The Enemy Within: How the ANC lost the battle against corruption
- Author: Mpumelelo Mkhabela
- Language: English
- Subject: African National Congress, Corruption in South Africa, Politics of South Africa
- Genre: Non-fiction
- Publisher: Tafelberg
- Publication date: July 2022
- Publication place: South Africa
- Pages: 208
- ISBN: 9780624091226

= The Enemy Within (Mkhabela book) =

2022 non-fiction book by Mpumelelo Mkhabela

The Enemy Within: How the ANC lost the battle against corruption (2022) is a book by Mpumelelo Mkhabela, a South African journalist and political analyst. The book is an account of how corruption entrenched itself within South Africa's governing party, the African National Congress (ANC) and the party's failed efforts to fight it.

== Synopsis ==

The book starts with an introductory account of how the ANC dealt with one of the first serious incidents of corruption the party had to deal with following its ascent to power; the expulsion of Bantu Holomisa from the ANC after requesting that the former Transkei Prime Minister and ANC Minister for Public Enterprises, Stella Sigcau be investigated for corruption.
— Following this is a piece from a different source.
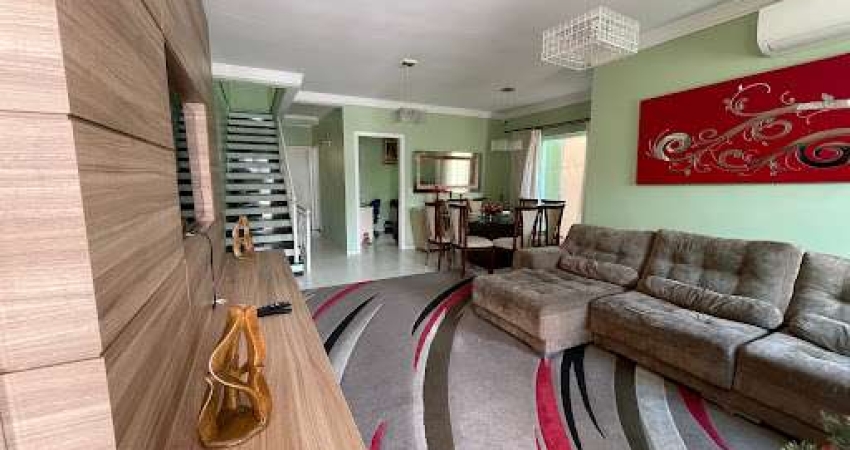 Casa com 3 dormitórios à venda, 277 m² por R$ 1.100.000,00 - Cidade São Francisco - São Paulo/SP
Mkhabela focuses on the ANC's "new cadre" policy wherein loyal party members were deployed in important positions in government and state-owned enterprises; what the long-term impact of this policy was and how it greatly contributed to the growth of corruption within the party. Mkhabela does this by detailing a number of well-publicised ANC corruption scandals that occurred during the presidencies of Nelson Mandela, Thabo Mbeki, Jacob Zuma, and Cyril Ramaphosa. These scandals include the Tony Yengeni controversy, the disbandment of the Scorpions, the Gupta family, Jackie Selebi, and corruption within the Zuma administration generally.
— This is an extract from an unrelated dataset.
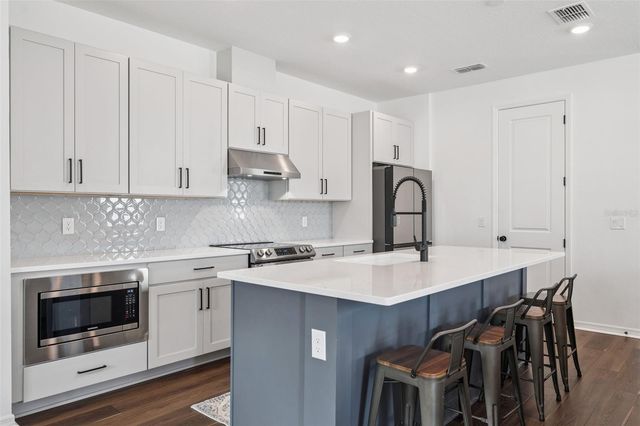 2258 LOST HORIZON WAY, Minneola, FL 34715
In the book, Mkhabela argues that by tolerating corrupt practices and shielding ANC members accused of corruption from prosecution or accountability the party allowed corruption to become entrenched in the party and, by extension, in the South African government. Mkhabela also points out how, paradoxically, the presidency of Jacob Zuma was the most vocal about fighting corruption within the ANC even though it was also regarded as the most corrupt. The book ends with asking if South Africa will be able to deal with corruption before it destroys the country.

== Reception ==

Political scientist, poet and ANC member Keith Gottschalk described the book as "the latest in a cascade of publications over the last decade that record corruption and theft by leading politicians in the country’s ruling party" and stated that in a less free or democratic society the author of such a book would be arrested and harassed. The South African political news website Polity states that the book "tells a fascinating and gripping story, starting with Mandela" of how corruption grew in South Africa.